Desde mi encierro contemplo una porción de cielo, percibo también la línea recta de un horizonte que hoy parece no ser señal de nada bueno ante los datos, a cuyo dolor es difícil resistirse ya con nombres conocidos y cercanos. Es misión del poeta, también de todo hombre, encontrar señales en las cosas. Que lo insignificante signifique algo en lo que poder hacer perdurar el ánimo, nutrir el espíritu para poder sobrevivir. Esta serie de textos, resultado de la cuarentena, busca esto: escuchar lo que las señales esperanzadas de lo habitual me dicen.

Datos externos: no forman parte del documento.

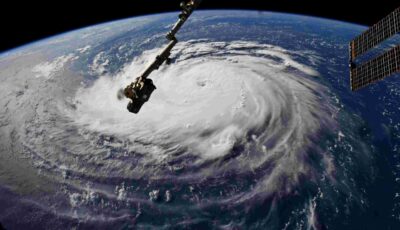La Tempête Michael vue par satellite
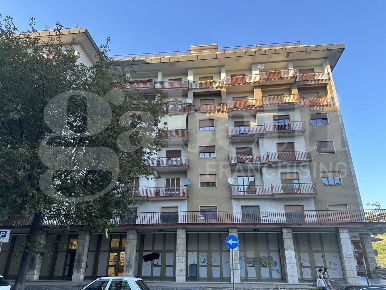Foto Ufficio in Via Pionati 0, Avellino Centro Storico di 690 m² in vendita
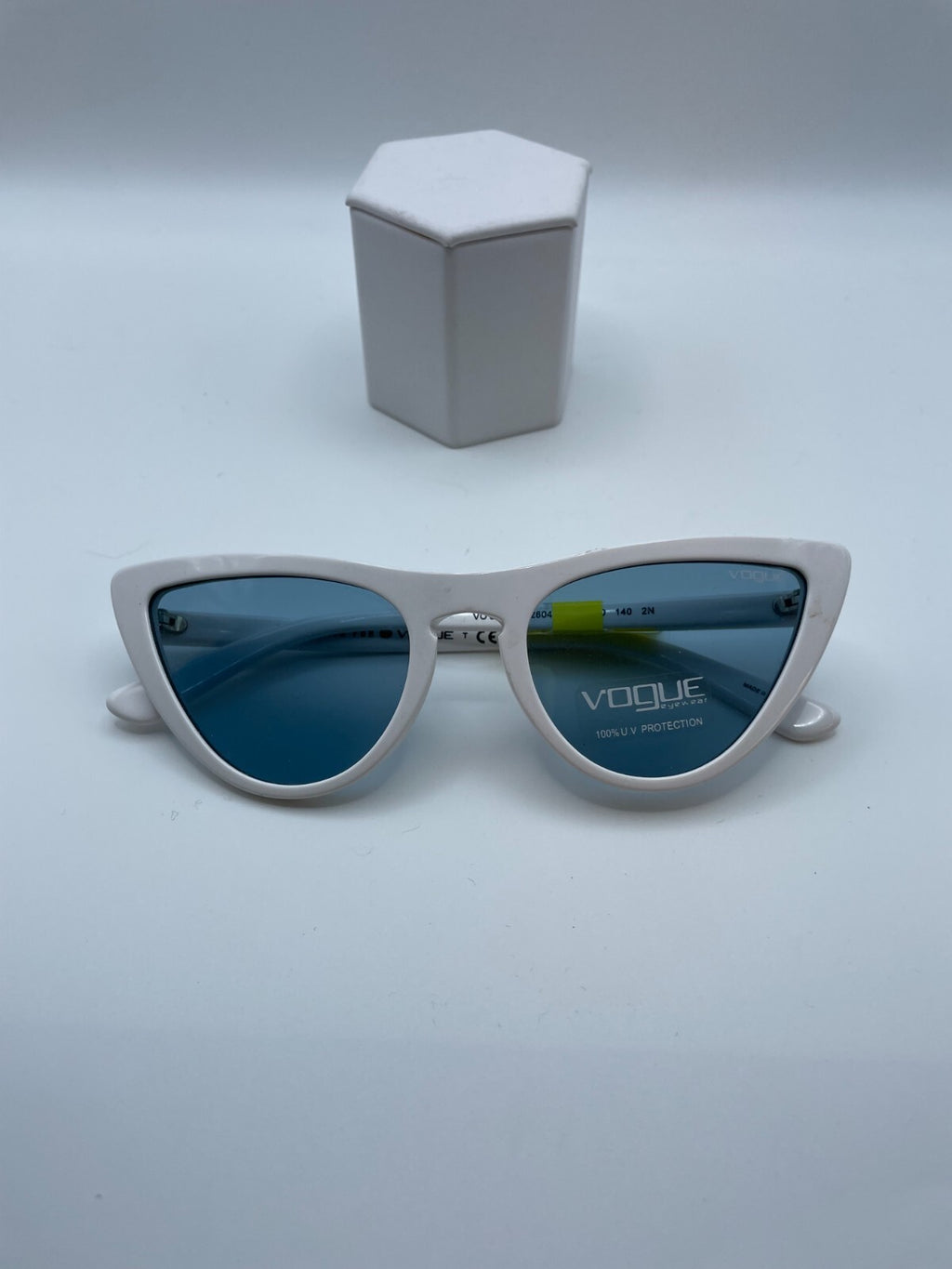 Vogue Brand VO 5211-S Model 54 Eye White NEW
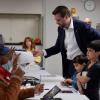 Der republikanische US-Vizepräsidentschaftskandidat JD Vance und seine Kinder kommen am Wahltag zur Wahl in der maronitischen katholischen Kirche St. Anthony of Padua in Cincinnati, Ohio. 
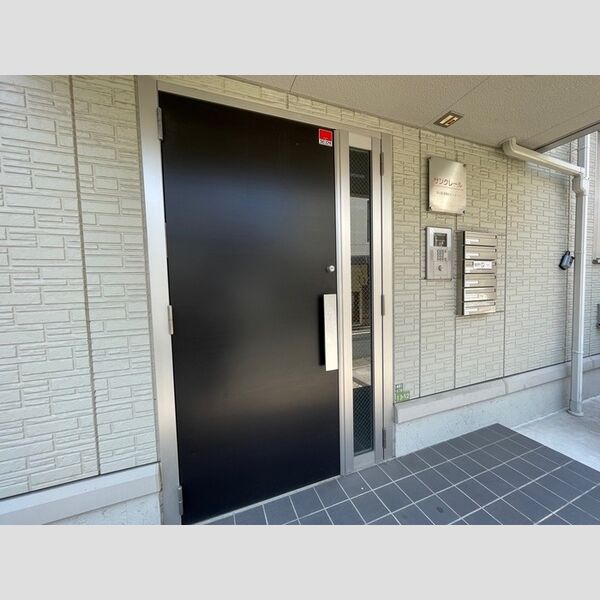 サンクレール202号室 エントランス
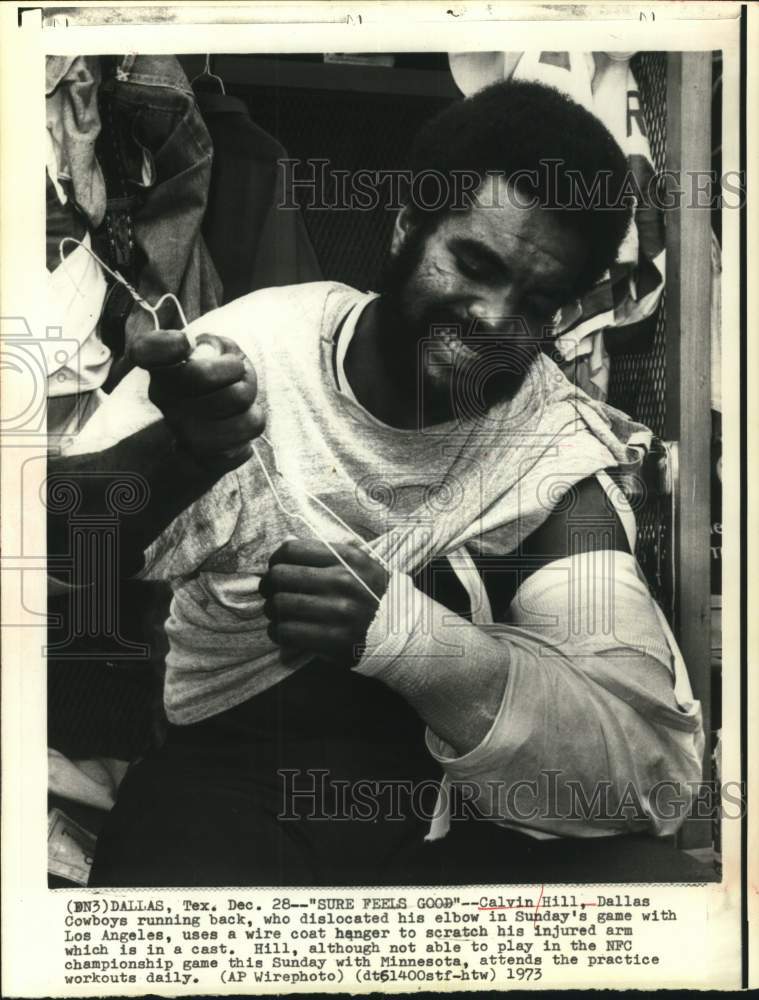 1973 Press Photo Injured Dallas Cowboys football player Calvin Hill - hps20318- Historic Images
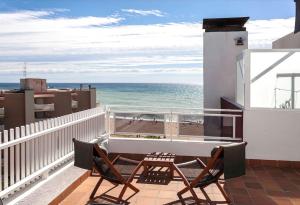 balkon z krzesłami i widokiem na ocean w obiekcie Horitzo w Santa Susanna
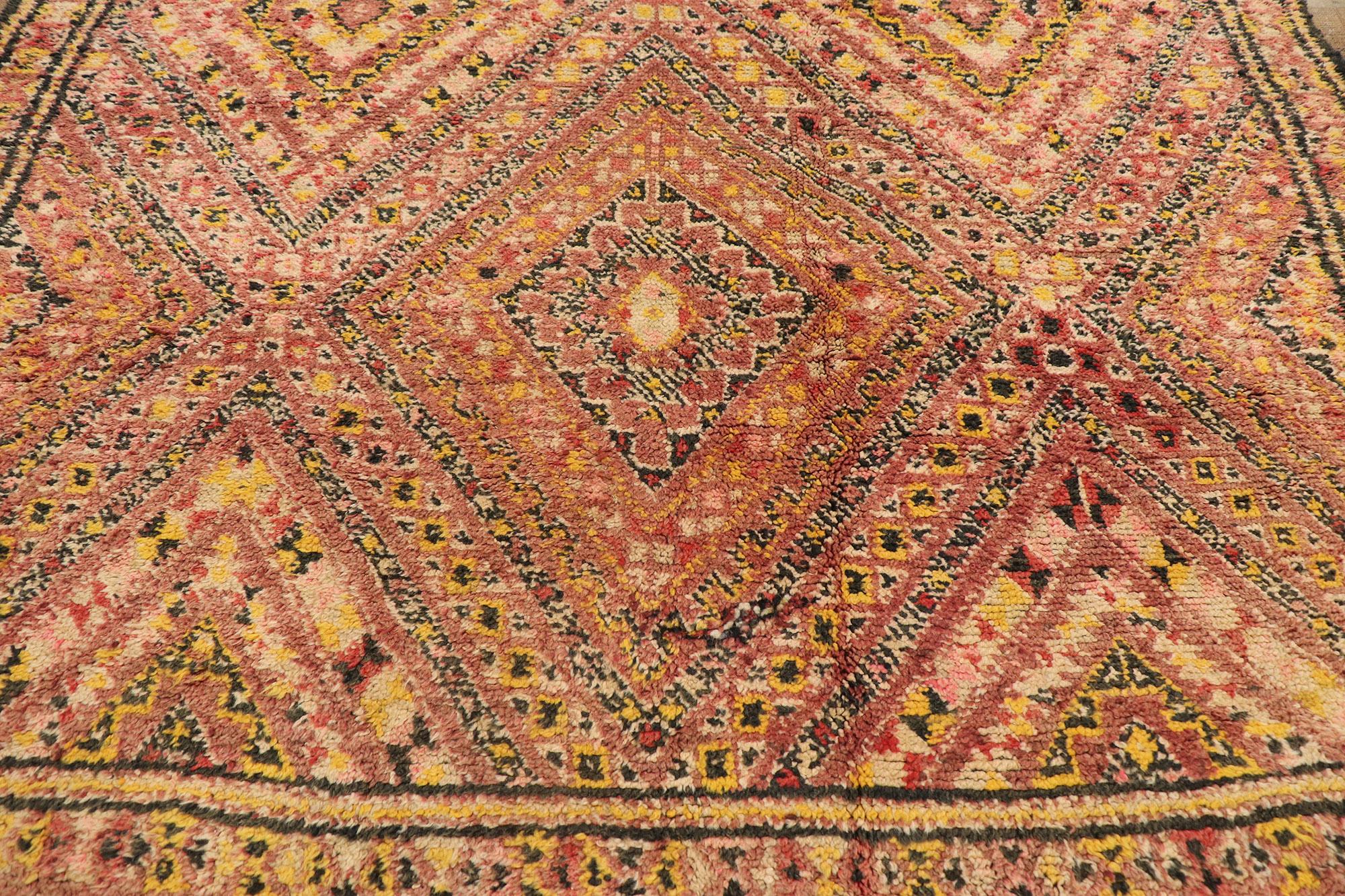 Marocchino Tappeto berbero d'epoca Beni M'Guild marocchino con stile moderno di metà secolo in vendita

En este retiro obligado, en ocasiones asfixiante, miro al detalle el mundo y todo me revela su sorpresa, su señal, su símbolo: una flor que quiebra con su aparición amarilla, la pesadez lenta y profunda del asfalto. Quizá me esté diciendo lo que viene. Ojalá sea así en este día. Ojalá su mensaje anticipe lo cercano: la ascensión siempre luminosa de todo lo que vive, y también su esperanza y fortaleza. Su perduración más allá de este breve instante que hoy se ha instalado lóbrego en nuestra vida.
Esa flor, sola y alejada del jardín, emerge ante la puerta cochera que lleva días sin abrirse como enfrentándose a lo que la cuarentena nos impone. Y aunque, como ha escrito Josep Maria Esquirol, “la resistencia tiende a ser más reservada que llamativa”, algo en ella me recuerda al hombre desconocido ante el tanque en la plaza de Tiananmen, adherido para siempre a nuestras pupilas desde hace treinta años. Esa flor, a la intemperie, que parece haber surgido únicamente en el vacío generado por la propia cuarentena, me recuerda también que, como dice Jesús Montiel, “un poeta nace para la intemperie”. A decir verdad, todo hombre o mujer nace para ella. Así es como la cuarentena me provee de símbolos cotidianos de las grandes lecciones de la vida.